Bulgarian Parliament elects new Audit Office chief

Bulgarian lawmakers have completed the swift overhaul of the National Audit Office (NAO) management on April 30, when they voted Lidia Roumenova as the institution’s new chairperson.

The motion passed with 95 votes in favour from the socialists and the predominantly ethnic Turk Movement for Rights and Freedoms (MRF) – the two parties in the ruling axis, which submitted Roumenova’s nomination.

MPs from opposition party GERB and ultra-nationalist Ataka – the latter sometimes siding with the ruling coalition on key votes in the National Assembly – abstained from voting.

Roumenova was an adviser to socialist leader Sergey Stanishev when he was prime minister between 2005 and 2009. In 2009, shortly before Stanishev’s socialists were defeated by GERB at parliamentary elections, Roumenova was appointed to the NAO, but left the institution in 2011.

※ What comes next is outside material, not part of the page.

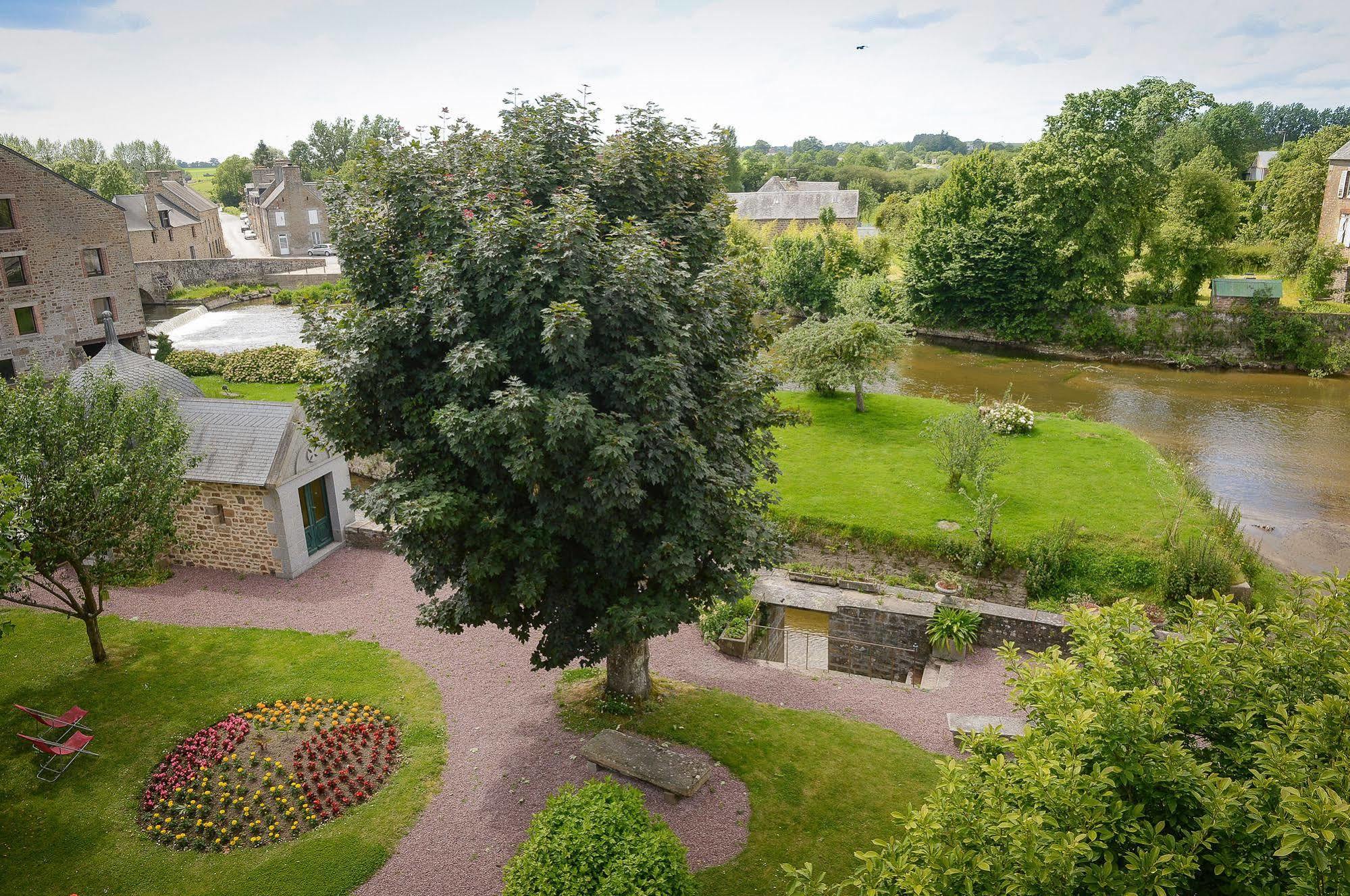 Готель Logis Auberge De La Selune Ducey-Les Cheris Екстер'єр фото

Reports in Bulgarian media also claimed that Roumenova was among the authors of the recent bill of amendments to the law regulating the audit office.

The bill was passed by Parliament on March 28 amid wide-spread criticism and allegations that it could hamstring the NAO’s independence and make it more susceptible to pressure from political parties.

The main thrust of the amended law was to change the NAO management to a college of nine members – as opposed to a chairperson with two deputies – elected on seven-year terms. The amendments effectively reversed the changes passed in 2011, under the GERB government, which cut down the size of the NAO top management.

The amendments were vetoed on April 9 by Bulgarian President Rossen Plevneliev, who argued that the bill breached the constitution in that the amended law did not clearly stipulate the powers of the office or the organisation of the institution, leaving such issues to the management of the NAO. He also criticised the decision to increase the size of the audit office’s management.

A week later, Parliament overturned the veto, with Ataka providing the key votes to reach the simple majority of 121 MPs needed to do so.